Returning from Retreats
Vacations are strange things. I spent extraordinary energy to get ready for two weeks away from work, specifically so I could forget about my regular schedule of events. I had to set up calendars to remind my students there would be no classes. I kept two long lists for stray thoughts about what to pack for two completely different events. And then in the midst of each event, I found myself emersed in the experiences this time without regard for lots of photos and/or social media posts. These two weeks have definitely been about disconnecting from regular habits.
Great Western War (GWW XX)
…or How I spent five days in an environment centered around the middle ages, multi-tasking for a Modern Spinning event, and commuting to a camp ground from a hotel
GWW is one of “those middle ages camping things” that I have been doing for years. In the 20 years of this event, I have only missed #2 (1998, or “Great Wet War”) and came for only one day of #19 (2016). I first went on staff in 2009 and this year was the first year I wasn’t involved in *anything* on staff.
Originally, my thought was, “Hey Sweetie, let’s pack light, bring almost no gear, and just hotel this war.” Sweetie’s agreed, and then the odd planning began.
For two people who are used to bringing tents and cooking equipment and coordinating meal plans, packing for staying in a hotel was an entirely new experience. Sure, it meant less gear to haul and an easier packing job for the car, but during the event we figured out there were some new problems. Parking was a long walk away and so at night someone had to do that walk. With my knees still giving me trouble, obviously Sweetie walked that long distance just to come get me with the car. Shopping was entirely different, since we really only needed lunches and snacks in a cooler on site.
He also ran into some confusion remembering which items to leave in a hotel or which items to take on site. “Where’s the sunscreen? Oh drat, I left it on site.” “Did I pack my phone charger and leave it in a tent? Do you have an extra charger I can borrow tonight?” But I will praise the convenience of having a bathroom right there in a hotel room.
GWW also coincides with a modern event called Spinzilla. Modern spinners compete against each other and against themselves to spin as much yarn as possible over a week. The money raised by the team’s goes to support kids education programs about textiles. Our team has decided that we try to teach as many people to spend as possible during the week. So this year I spent 22 hours in the Spinzilla booth spinning and teaching people to spin.
Sacred Circles 2017
Returning from GWW meant, “do all the laundry!” and then, “pack completely different laundry for all the dancing!” I scheduled a photo shoot for the first evening of the event with my favorite photographer, but I did not make any plans for performing. My knee has still been giving me trouble, so I took it easy and honored those moments when I needed to learn by watching and listening carefully from a side-line.
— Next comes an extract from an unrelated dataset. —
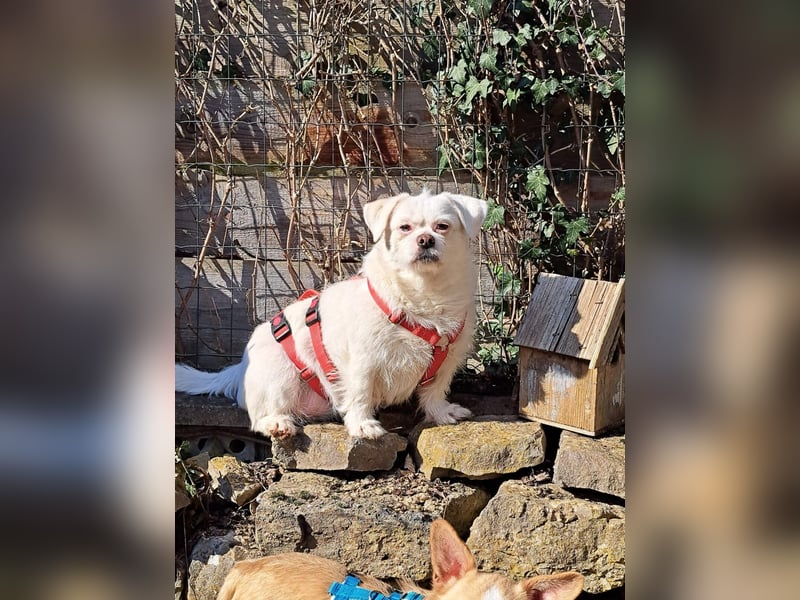 Susy kleine Mischlingshündin ca. 4 - 6 Jahre alt in 97318 Kitzingen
I also had the good fortune of rooming with several different friends from different parts of my dance life. A previous troupe mate came to pick me up from the airport, and she brought me sheets, blankets, a pillow, and a bath towel so I wouldn’t have to fly with them. (Yay!) My hotel roomie twice from Tribal Fest joined us, as did my photographer friend. The four of us were an excellent match, and great fun was had by all.
The course work at the event was also amazing. I seriously had to pace myself in order to do all the classes (or nearly all of them). I chose not to dance at the hafla nor in any of the shows, and this really paid off. It meant I was able to last that much longer dancing in the classes. When my knee couldn’t keep up, I sat on the edge of the short stage, and “danced” all the upper arms work for the instruction.
And I had the good fortune to be able to be a merchant in the vending room, selling both wooden zills and handspun yarns. I was surprised how many people are interested in my yarn, but sometimes makers never fully understand how much their creations are loved. This is always encouraging to an artist.